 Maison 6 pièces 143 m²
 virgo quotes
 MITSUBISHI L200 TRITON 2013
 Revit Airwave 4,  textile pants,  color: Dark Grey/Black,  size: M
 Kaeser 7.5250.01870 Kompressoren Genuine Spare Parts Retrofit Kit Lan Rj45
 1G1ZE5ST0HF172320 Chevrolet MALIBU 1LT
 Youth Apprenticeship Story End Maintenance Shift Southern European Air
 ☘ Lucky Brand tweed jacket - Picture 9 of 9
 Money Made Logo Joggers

§ §

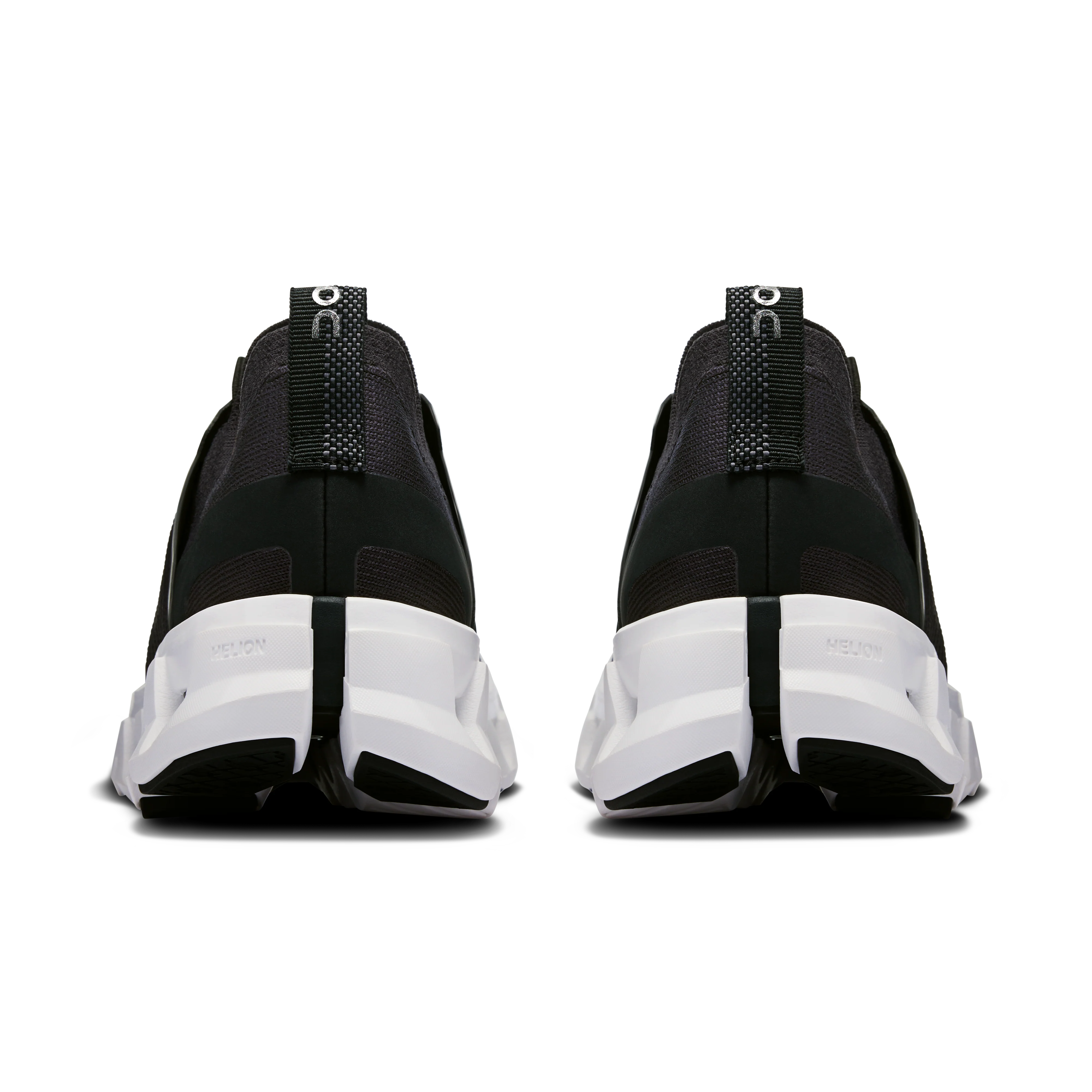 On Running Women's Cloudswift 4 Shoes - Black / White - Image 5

§ §

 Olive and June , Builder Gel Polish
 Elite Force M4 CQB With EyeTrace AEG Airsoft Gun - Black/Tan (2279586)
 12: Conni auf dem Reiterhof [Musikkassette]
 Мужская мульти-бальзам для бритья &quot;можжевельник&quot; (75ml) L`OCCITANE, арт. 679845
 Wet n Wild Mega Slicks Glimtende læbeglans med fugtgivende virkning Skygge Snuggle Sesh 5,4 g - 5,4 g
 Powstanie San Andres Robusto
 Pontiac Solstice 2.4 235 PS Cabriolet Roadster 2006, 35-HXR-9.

§ §

> [Action item] Restate word for word the entries above, starting at the line with "Picture 9 of 9" and ending at the line with "Money Made Logo Joggers", inclusive, and no others.

> [Solved problem]
 ☘ Lucky Brand tweed jacket - Picture 9 of 9
 Money Made Logo Joggers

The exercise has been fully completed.